Sanyal et al. (2019), "GWASinlps: Non-local prior based iterative SNP selection tool for genome-wide association studies". Bioinformatics, 35(1), 1-11.

Sanyal, N. (2022). "Iterative variable selection for high-dimensional data with binary outcomes". arXiv preprint arXiv:2211.03190.

Author

Nilotpal Sanyal <nilotpal.sanyal@gmail.com>

Examples

n = 200
p = 1000
m = 10

# Generate design matrix (genotype matrix)
set.seed(1) 
f = runif( p, .1, .2 ) # simulate minor allele frequency
x = matrix( nrow = n, ncol = p )
colnames(x) = 1:p
for(j in 1:p)
  x[,j] = rbinom( n, 2, f[j] )

# Generate true effect sizes
causal_snps = sample( 1:p, m )
beta = rep( 0, p )
set.seed(1)
beta[causal_snps] = rnorm(m, mean = 0, sd = 2 )

# Generate continuous (phenotype) data
y = x %*% beta + rnorm(n, 0, 1) 

# Fix scale parameter tau 
tau = 0.2

# GWASinlps analysis
inlps = GWASinlps(y=y, x=x, family="normal", prior="mom", tau=tau, k0=1,  
        m=50, rxx=0.2)
#> =================================
#> Number of selected variables: 17
#> Time taken: 0 min
#> =================================
cat( "GWASinlps selected", length(inlps$selected), "SNPs with", 
    length(intersect(inlps$selected, causal_snps)), "true positive(s) and",
    length(setdiff(causal_snps, inlps$selected)), "false negative(s) out  
    of a pool of", p, "SNPs with data from", n, "persons." )
#> GWASinlps selected 17 SNPs with 10 true positive(s) and 0 false negative(s) out  
#>     of a pool of 1000 SNPs with data from 200 persons.

# Compare with LASSO
library(glmnet)
#> Loading required package: Matrix
#> Loaded glmnet 4.1-4
fit.cvlasso = cv.glmnet( x, y, alpha = 1 )
l.min = fit.cvlasso $lambda.min # lambda that gives minimum cvm
l.1se = fit.cvlasso $lambda.1se  # largest lambda such that error is 
                                 # within 1 se of the minimum

lasso_min = which( as.vector( coef( fit.cvlasso, s = l.min ) )[-1] != 0 )  
cat( "LASSO with lambda.min selected", length(lasso_min), "SNPs with", 
     length(intersect(lasso_min, causal_snps)), "true positives and",
    length(setdiff(causal_snps, inlps$selected)), "false negative(s)." )
#> LASSO with lambda.min selected 63 SNPs with 10 true positives and 0 false negative(s).

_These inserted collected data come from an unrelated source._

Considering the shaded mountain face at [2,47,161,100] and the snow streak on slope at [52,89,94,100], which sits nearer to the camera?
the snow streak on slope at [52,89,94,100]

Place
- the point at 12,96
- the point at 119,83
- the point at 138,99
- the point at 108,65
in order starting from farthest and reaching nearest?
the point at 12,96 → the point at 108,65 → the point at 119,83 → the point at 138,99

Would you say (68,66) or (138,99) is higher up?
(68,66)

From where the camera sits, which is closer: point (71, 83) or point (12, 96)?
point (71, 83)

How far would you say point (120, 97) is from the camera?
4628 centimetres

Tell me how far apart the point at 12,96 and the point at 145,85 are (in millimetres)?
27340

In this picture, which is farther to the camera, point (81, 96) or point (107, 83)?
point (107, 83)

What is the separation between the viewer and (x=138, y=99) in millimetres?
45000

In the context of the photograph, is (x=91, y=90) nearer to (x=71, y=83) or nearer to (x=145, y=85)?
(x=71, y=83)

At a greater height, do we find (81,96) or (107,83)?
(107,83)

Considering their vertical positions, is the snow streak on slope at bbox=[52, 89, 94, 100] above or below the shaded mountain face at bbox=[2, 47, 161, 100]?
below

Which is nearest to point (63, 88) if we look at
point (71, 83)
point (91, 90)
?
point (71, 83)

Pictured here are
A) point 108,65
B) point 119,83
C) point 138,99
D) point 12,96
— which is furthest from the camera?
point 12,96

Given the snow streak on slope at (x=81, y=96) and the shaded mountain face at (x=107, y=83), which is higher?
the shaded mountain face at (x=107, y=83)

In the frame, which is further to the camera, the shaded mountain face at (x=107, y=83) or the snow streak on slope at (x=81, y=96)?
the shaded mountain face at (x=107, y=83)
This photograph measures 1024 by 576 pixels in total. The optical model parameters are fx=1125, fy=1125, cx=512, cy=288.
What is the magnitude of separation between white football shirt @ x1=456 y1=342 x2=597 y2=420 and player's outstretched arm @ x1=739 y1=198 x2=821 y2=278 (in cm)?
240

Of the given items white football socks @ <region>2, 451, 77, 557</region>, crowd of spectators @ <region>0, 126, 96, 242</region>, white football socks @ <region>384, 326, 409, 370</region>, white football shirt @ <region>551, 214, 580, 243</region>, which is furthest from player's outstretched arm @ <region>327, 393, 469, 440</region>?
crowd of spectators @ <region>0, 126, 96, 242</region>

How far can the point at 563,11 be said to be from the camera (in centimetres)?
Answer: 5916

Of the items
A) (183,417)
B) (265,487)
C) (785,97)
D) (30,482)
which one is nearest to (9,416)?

lasso_1se = which( as.vector( coef( fit.cvlasso, s = l.1se ) )[-1] != 0 )
cat( "LASSO with lambda.1se selected", length(lasso_1se), "SNPs with", 
     length(intersect(lasso_1se, causal_snps)), "true positives and",
    length(setdiff(causal_snps, inlps$selected)), "false negative(s)." )
#> LASSO with lambda.1se selected 24 SNPs with 9 true positives and 0 false negative(s).